I have a suit coat sized 38S and the sleeves extend about halfway down my palm. I'm pretty sure this is too long, and I can never see but a hint of my cuffs even when I extend my arms, and when I'm wearing a French cuffed shirt I can never see the cufflinks, so I'm going to take the coat to have it altered, though the question is how much should I take off. I've seen a lot of models lately wearing their suit coats so short that you can see the shirt cuff even when they are letting their arm dangle at their side, but this seems a little too short for me. Any advice?


----------



## DocHolliday (Apr 11, 2005)

The general rule of thumb is that you should see a quarter- to a half-inch of shirt with your arms at your side. But some guys like to show more, others less. The shirt sleeve should end at the base of your palm.


----------



## Bird's One View (Dec 31, 2007)

About an inch shorter than your alterations tailor wants to make them.
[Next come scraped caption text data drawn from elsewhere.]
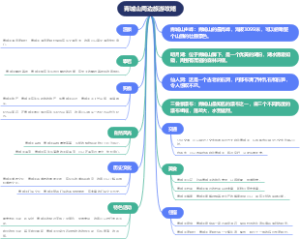 青城山周边旅游攻略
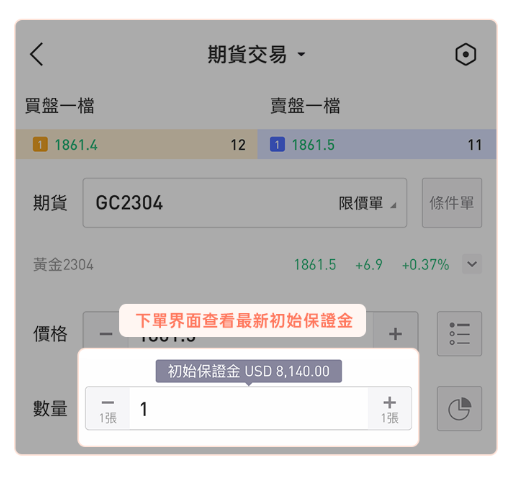 黃金石油比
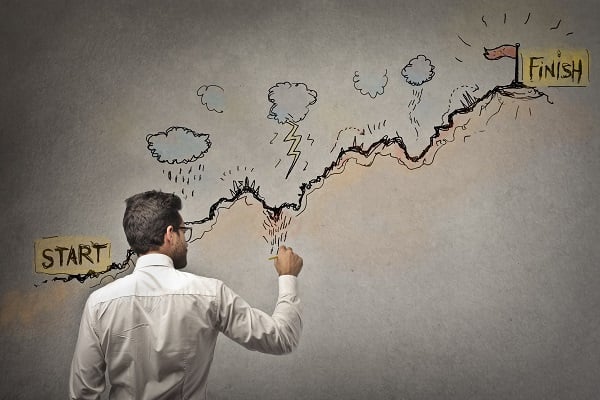 آلية اختيار برنامج المحاسبة المناسب لحجم شركتك - فكرة للبرمجيات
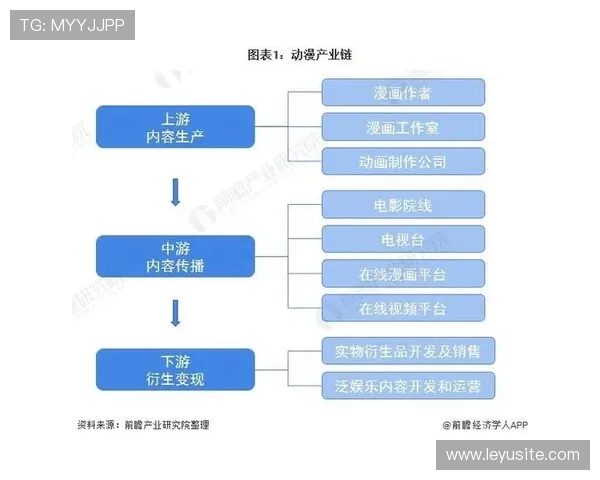体育动漫衍生实体店 内容IP转化变现路径通畅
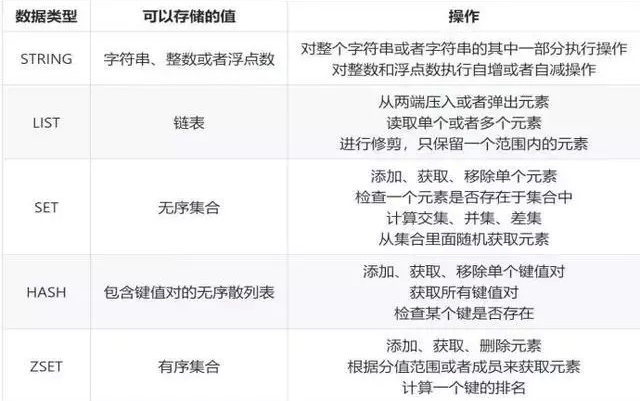 redis类型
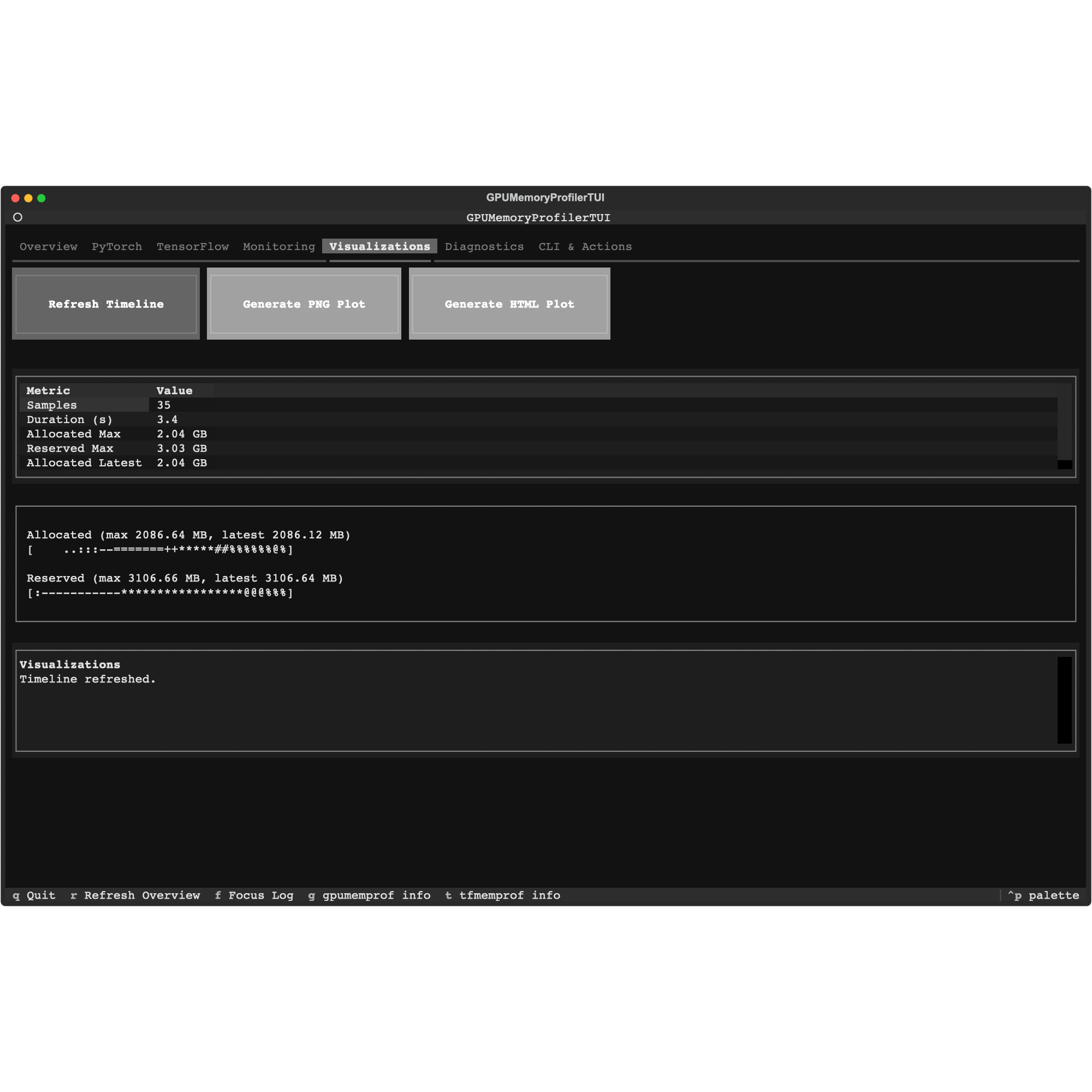 Visualizations tab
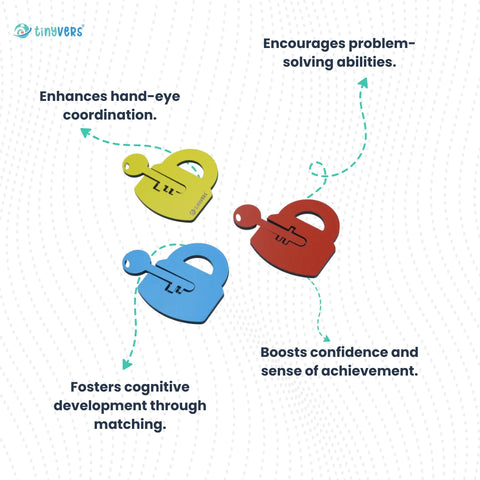 Lock & Key Matching Puzzle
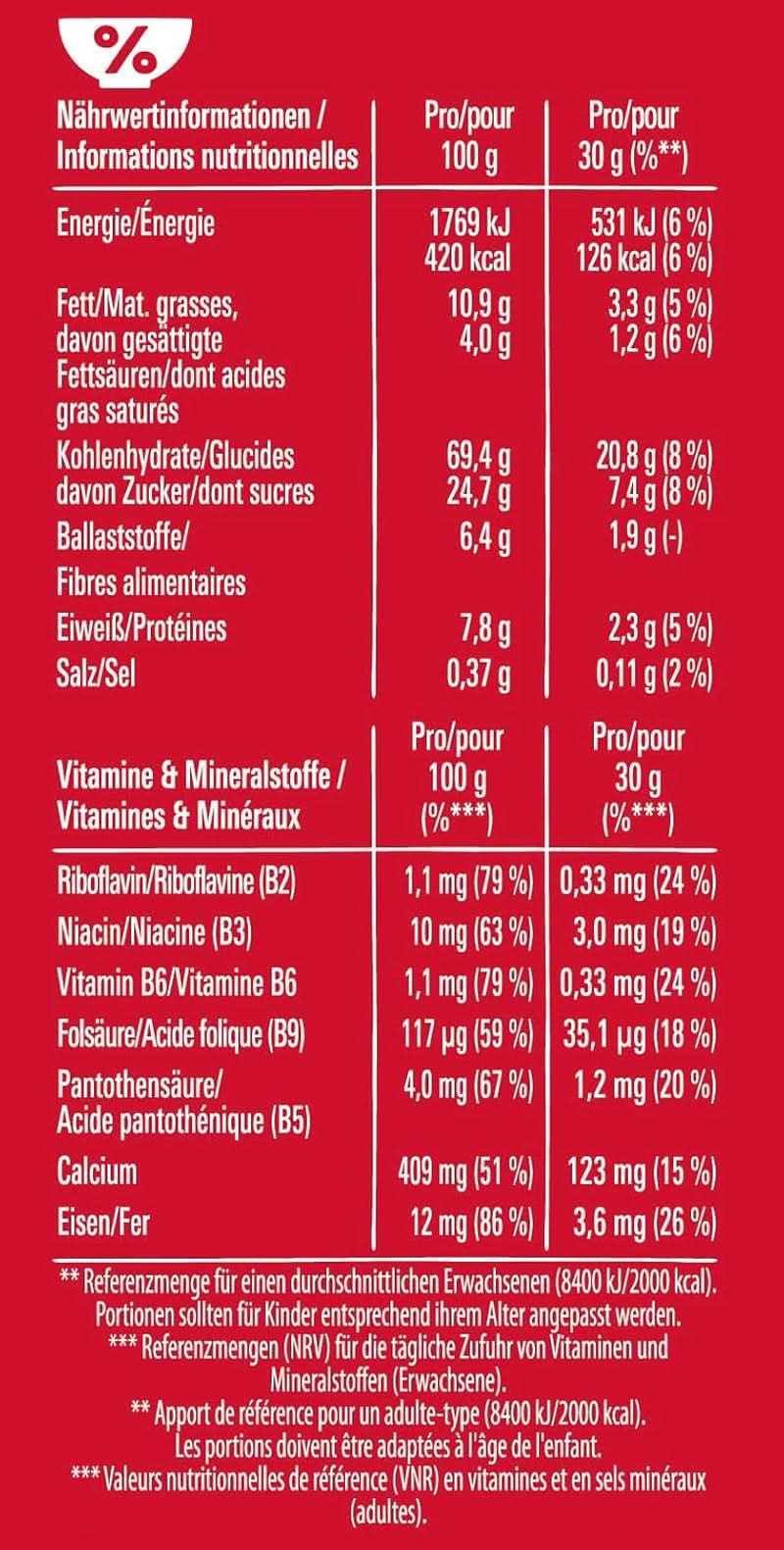 Nestlé KITKAT Céréales, céréales croustillantes pour petit-déjeuner avec gaufrettes Kitkat, paquet 8 x 550 grammes Céréales Naty Shop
https://www.styleforum.net/showthread.php?t=62846&highlight=why+have+coat+sleeves+gotten+so+long


----------



## Jim In Sunny So Calif (May 13, 2006)

Bird's One View said:


> About an inch shorter than your alterations tailor wants to make them.
> 
> https://www.styleforum.net/showthread.php?t=62846&highlight=why+have+coat+sleeves+gotten+so+long


Ha Ha - ain't that the truth - seems to apply to trousers too. I wonder why 'a slight break' is so hard to understand.

Cheers, Jim.


----------



## Jim In Sunny So Calif (May 13, 2006)

Casablanca said:


> I have a suit coat sized 38S and the sleeves extend about halfway down my palm. I'm pretty sure this is too long, and I can never see but a hint of my cuffs even when I extend my arms, and when I'm wearing a French cuffed shirt I can never see the cufflinks, so I'm going to take the coat to have it altered, though the question is how much should I take off. I've seen a lot of models lately wearing their suit coats so short that you can see the shirt cuff even when they are letting their arm dangle at their side, but this seems a little too short for me. Any advice?


I agree with Doc about showing a quarter to a half inch of linen. I don't know why we use the term 'linen' - probably some custom from the dark ages that Sator would know.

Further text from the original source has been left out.